Task to complete
Please make an exact transcription of the records, keeping the pictures out of it.

★ ★ ★ ★ ★

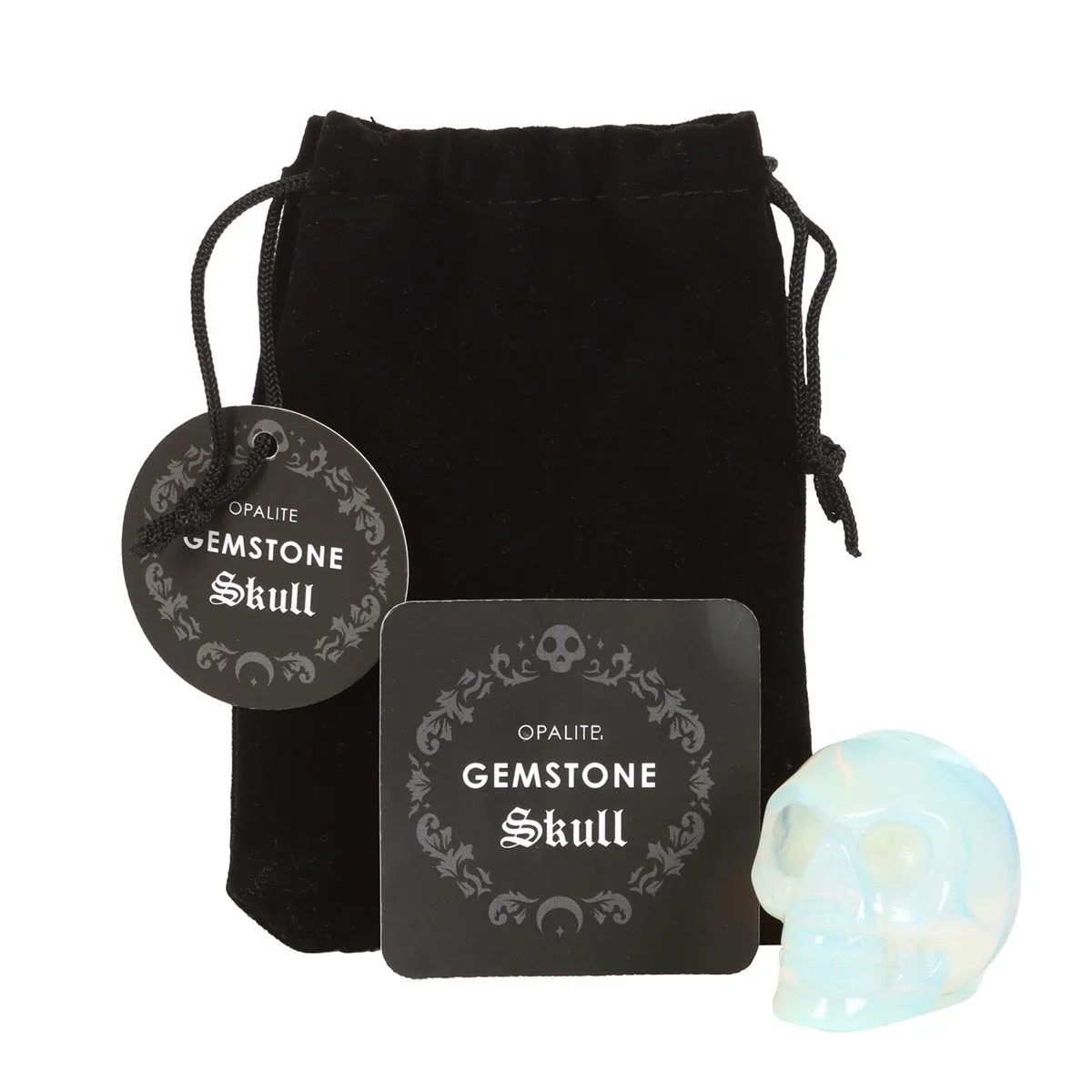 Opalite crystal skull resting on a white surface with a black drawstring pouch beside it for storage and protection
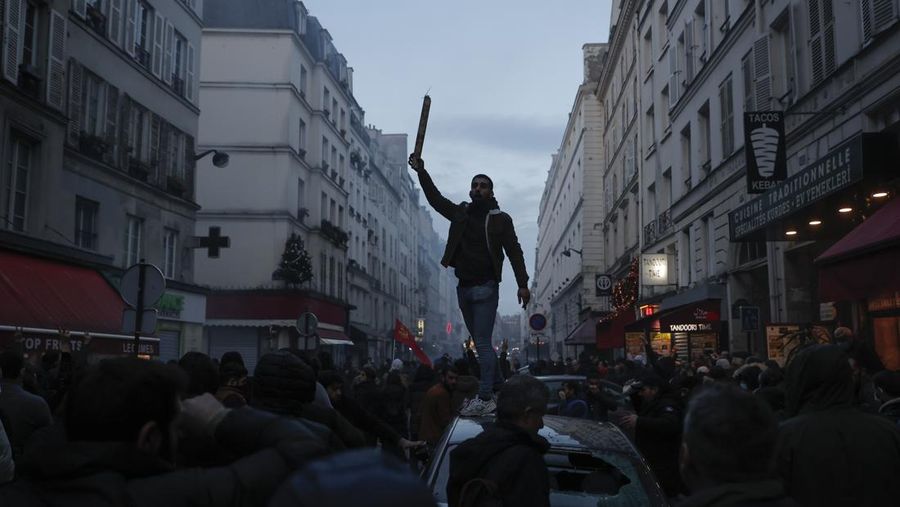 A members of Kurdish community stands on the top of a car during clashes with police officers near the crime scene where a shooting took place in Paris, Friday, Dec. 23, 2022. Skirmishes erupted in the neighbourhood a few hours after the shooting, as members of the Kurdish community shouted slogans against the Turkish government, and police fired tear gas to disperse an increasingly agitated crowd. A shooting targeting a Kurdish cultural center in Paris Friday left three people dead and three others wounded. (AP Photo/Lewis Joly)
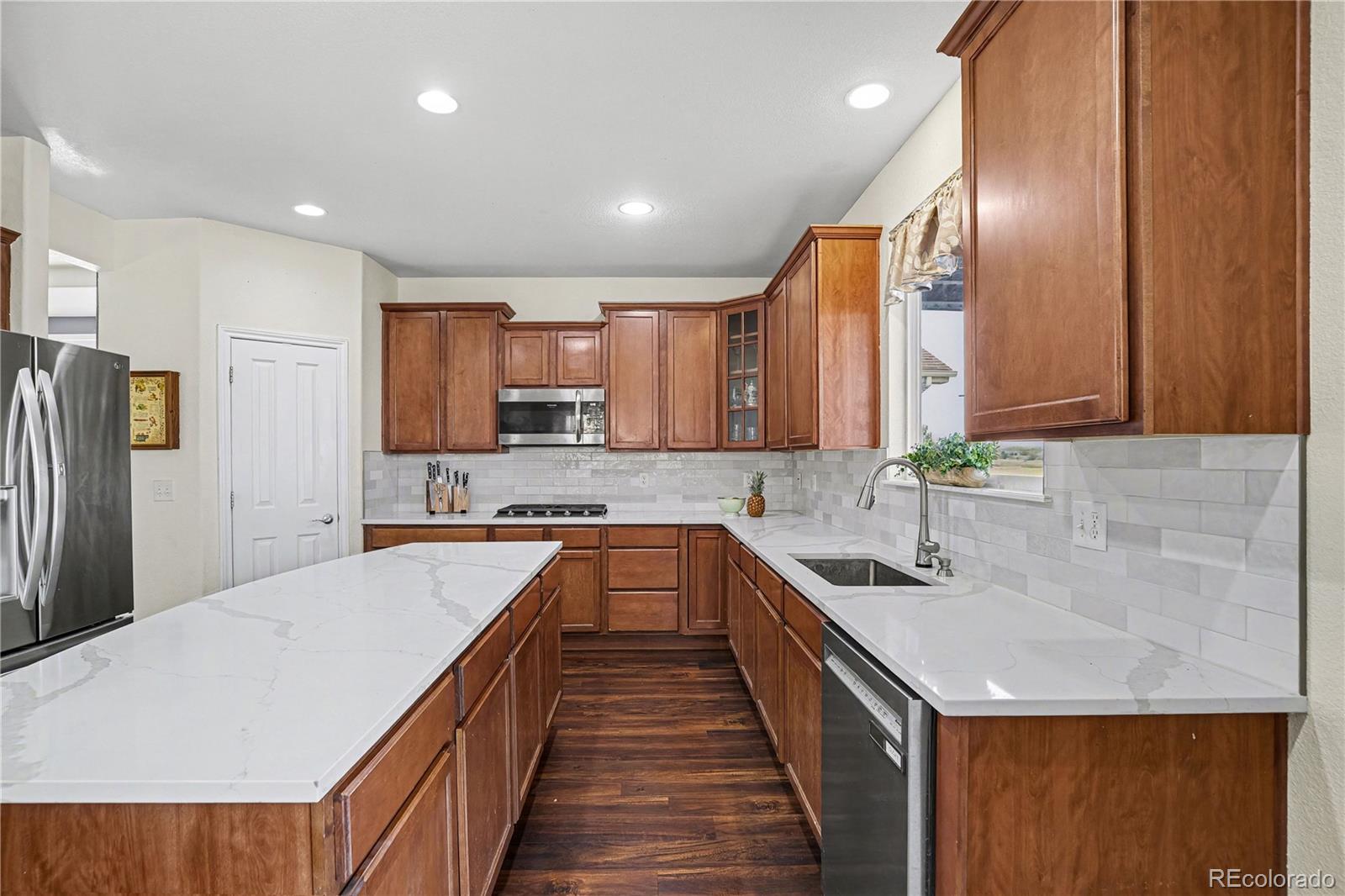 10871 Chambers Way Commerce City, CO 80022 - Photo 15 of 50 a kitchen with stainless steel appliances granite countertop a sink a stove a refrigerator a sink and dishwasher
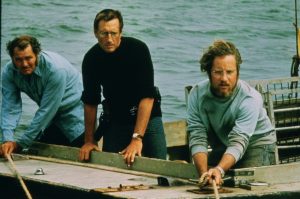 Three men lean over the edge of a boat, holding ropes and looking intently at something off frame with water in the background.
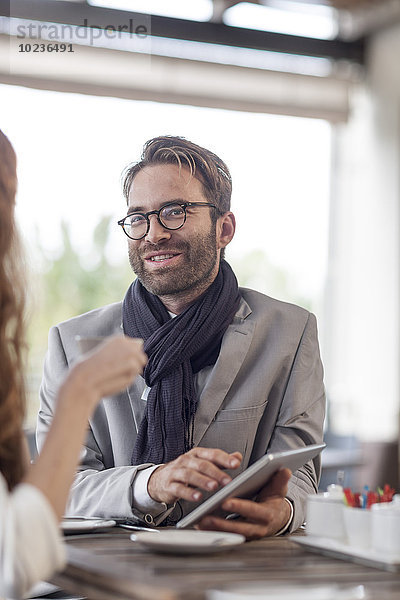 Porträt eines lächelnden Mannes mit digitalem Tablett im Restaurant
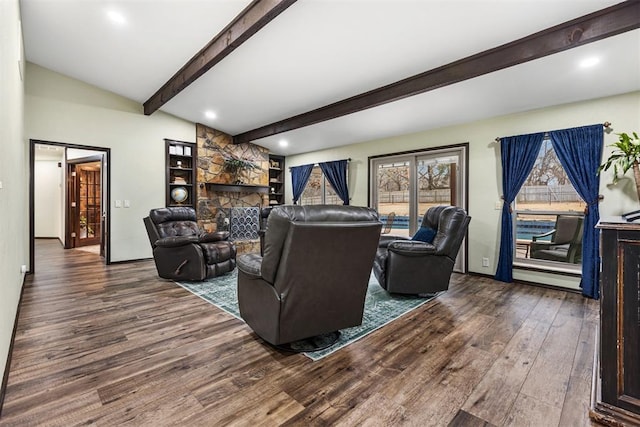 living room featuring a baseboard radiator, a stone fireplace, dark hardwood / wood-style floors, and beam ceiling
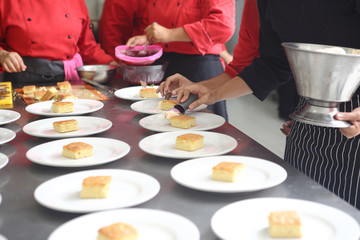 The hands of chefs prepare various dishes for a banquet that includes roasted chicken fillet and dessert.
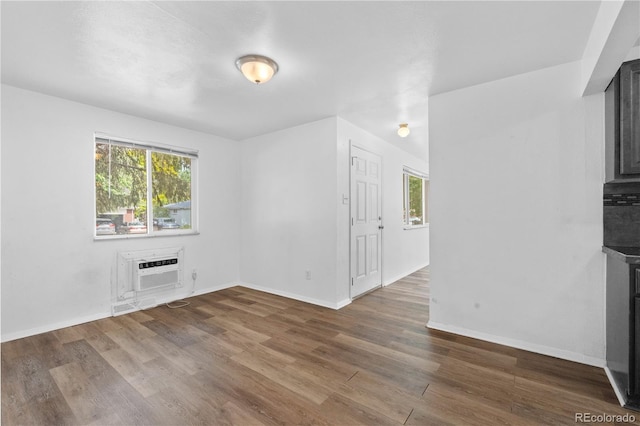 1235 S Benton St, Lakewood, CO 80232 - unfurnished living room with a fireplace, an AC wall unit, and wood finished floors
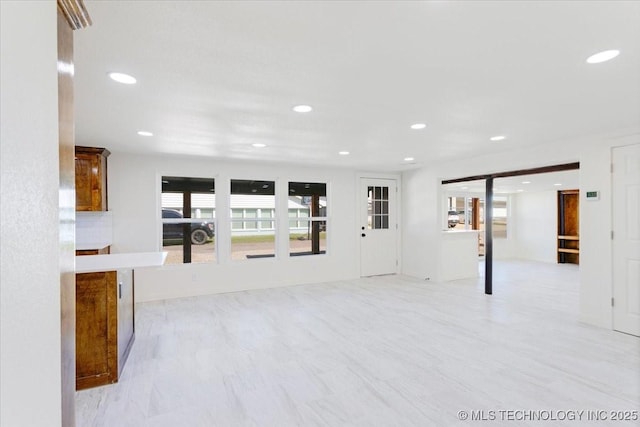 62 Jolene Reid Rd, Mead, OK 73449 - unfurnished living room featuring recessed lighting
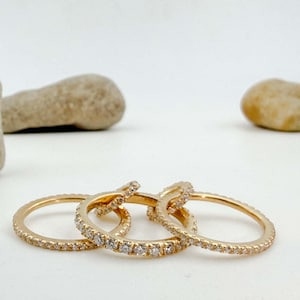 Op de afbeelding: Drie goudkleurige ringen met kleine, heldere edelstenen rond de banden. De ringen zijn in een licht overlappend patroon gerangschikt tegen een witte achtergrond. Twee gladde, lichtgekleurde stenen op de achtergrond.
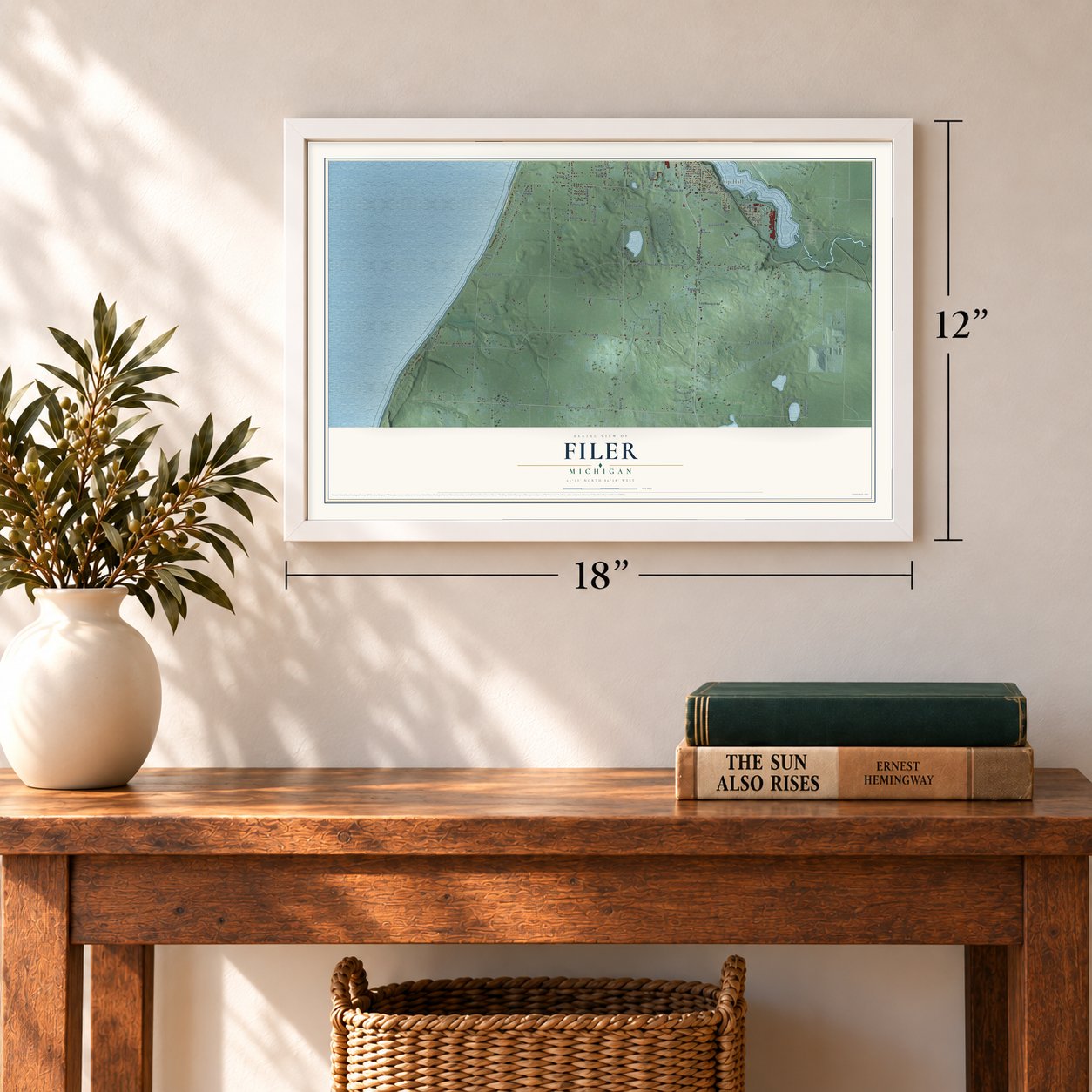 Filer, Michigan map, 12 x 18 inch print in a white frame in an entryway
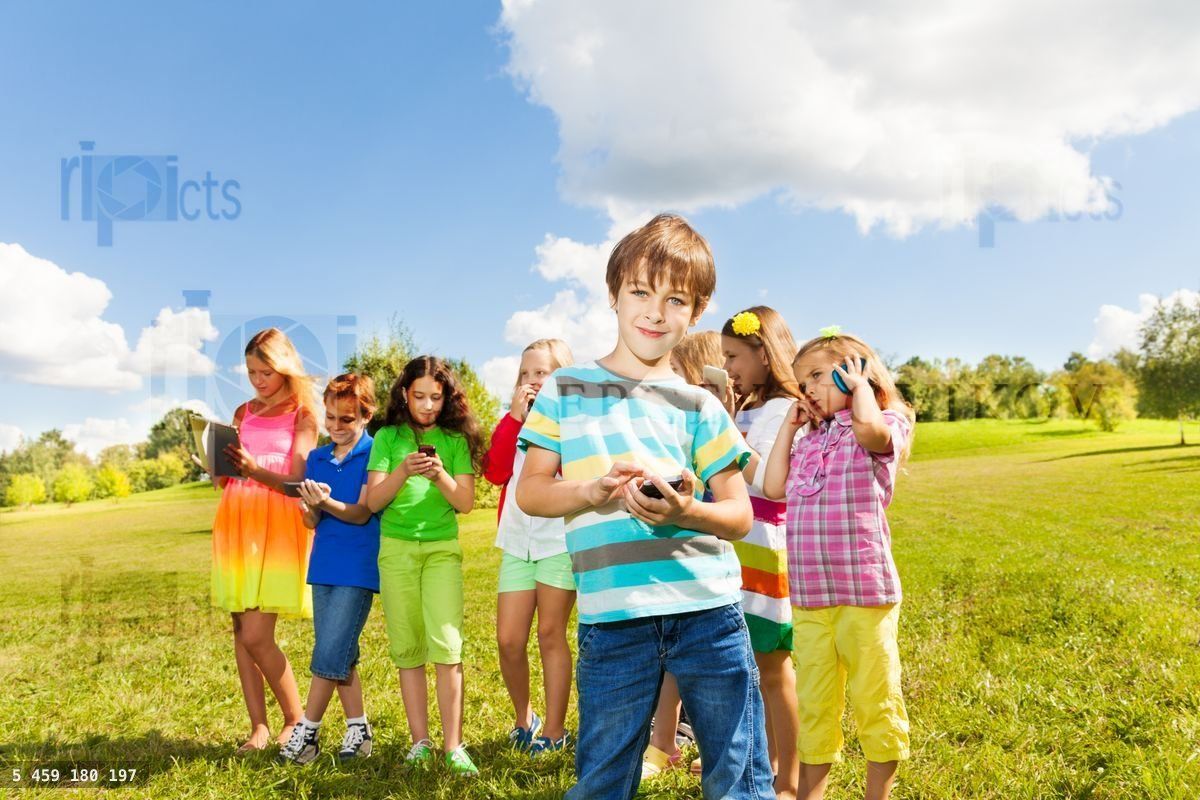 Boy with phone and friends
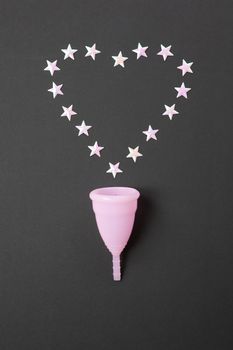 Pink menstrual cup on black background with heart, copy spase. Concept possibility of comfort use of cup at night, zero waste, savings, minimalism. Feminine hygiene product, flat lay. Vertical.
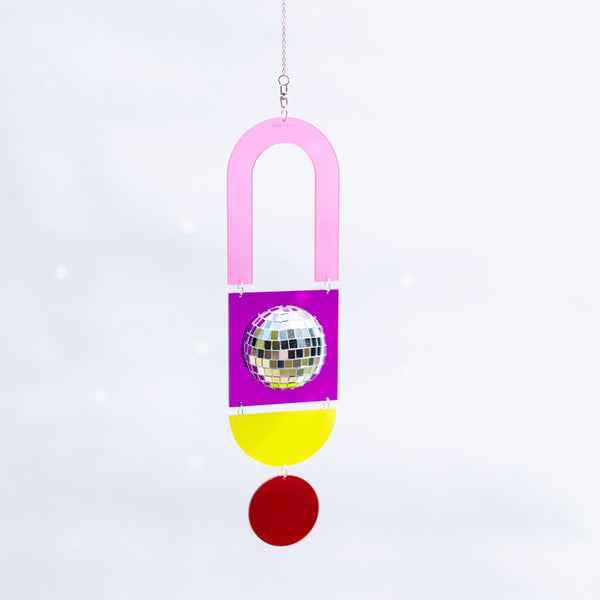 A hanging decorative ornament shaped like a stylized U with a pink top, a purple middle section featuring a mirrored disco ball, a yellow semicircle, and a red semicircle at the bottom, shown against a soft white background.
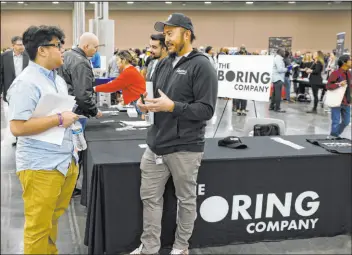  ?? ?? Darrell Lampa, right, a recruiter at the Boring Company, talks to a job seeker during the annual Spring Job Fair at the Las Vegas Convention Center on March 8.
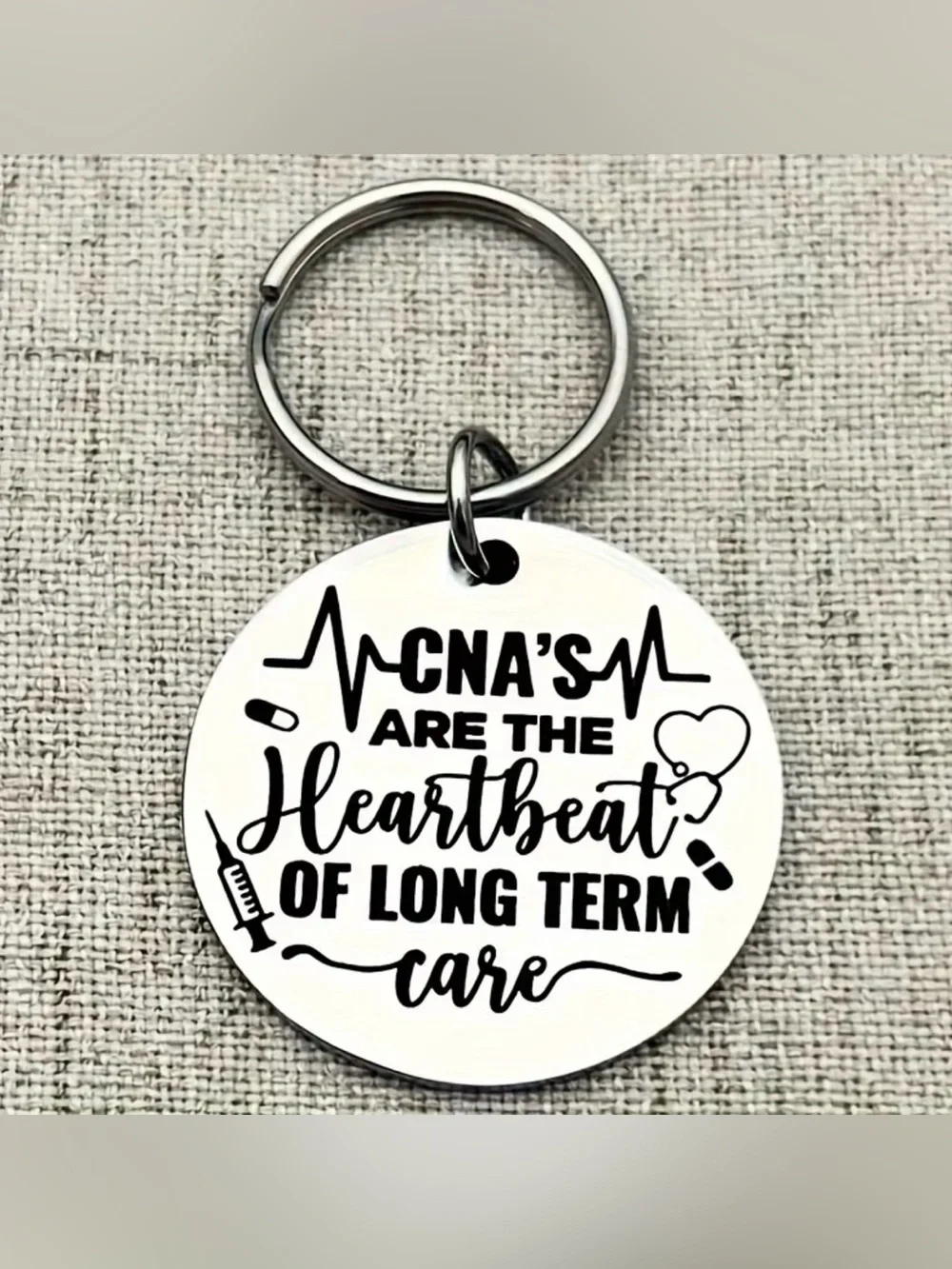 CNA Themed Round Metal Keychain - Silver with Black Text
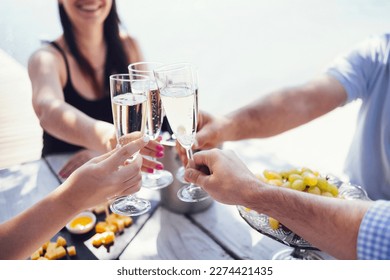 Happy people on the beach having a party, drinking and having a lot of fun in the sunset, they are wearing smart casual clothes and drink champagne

★ ★ ★ ★ ★

Response to this task
 Opalite crystal skull resting on a white surface with a black drawstring pouch beside it for storage and protection
 A members of Kurdish community stands on the top of a car during clashes with police officers near the crime scene where a shooting took place in Paris, Friday, Dec. 23, 2022. Skirmishes erupted in the neighbourhood a few hours after the shooting, as members of the Kurdish community shouted slogans against the Turkish government, and police fired tear gas to disperse an increasingly agitated crowd. A shooting targeting a Kurdish cultural center in Paris Friday left three people dead and three others wounded. (AP Photo/Lewis Joly)
 10871 Chambers Way Commerce City, CO 80022 - Photo 15 of 50 a kitchen with stainless steel appliances granite countertop a sink a stove a refrigerator a sink and dishwasher
 Three men lean over the edge of a boat, holding ropes and looking intently at something off frame with water in the background.
 Porträt eines lächelnden Mannes mit digitalem Tablett im Restaurant
 living room featuring a baseboard radiator, a stone fireplace, dark hardwood / wood-style floors, and beam ceiling
 The hands of chefs prepare various dishes for a banquet that includes roasted chicken fillet and dessert.
 1235 S Benton St, Lakewood, CO 80232 - unfurnished living room with a fireplace, an AC wall unit, and wood finished floors
 62 Jolene Reid Rd, Mead, OK 73449 - unfurnished living room featuring recessed lighting
 Op de afbeelding: Drie goudkleurige ringen met kleine, heldere edelstenen rond de banden. De ringen zijn in een licht overlappend patroon gerangschikt tegen een witte achtergrond. Twee gladde, lichtgekleurde stenen op de achtergrond.
 Filer, Michigan map, 12 x 18 inch print in a white frame in an entryway
 Boy with phone and friends
 Pink menstrual cup on black background with heart, copy spase. Concept possibility of comfort use of cup at night, zero waste, savings, minimalism. Feminine hygiene product, flat lay. Vertical.
 A hanging decorative ornament shaped like a stylized U with a pink top, a purple middle section featuring a mirrored disco ball, a yellow semicircle, and a red semicircle at the bottom, shown against a soft white background.
  ?? ?? Darrell Lampa, right, a recruiter at the Boring Company, talks to a job seeker during the annual Spring Job Fair at the Las Vegas Convention Center on March 8.
 CNA Themed Round Metal Keychain - Silver with Black Text
 Happy people on the beach having a party, drinking and having a lot of fun in the sunset, they are wearing smart casual clothes and drink champagne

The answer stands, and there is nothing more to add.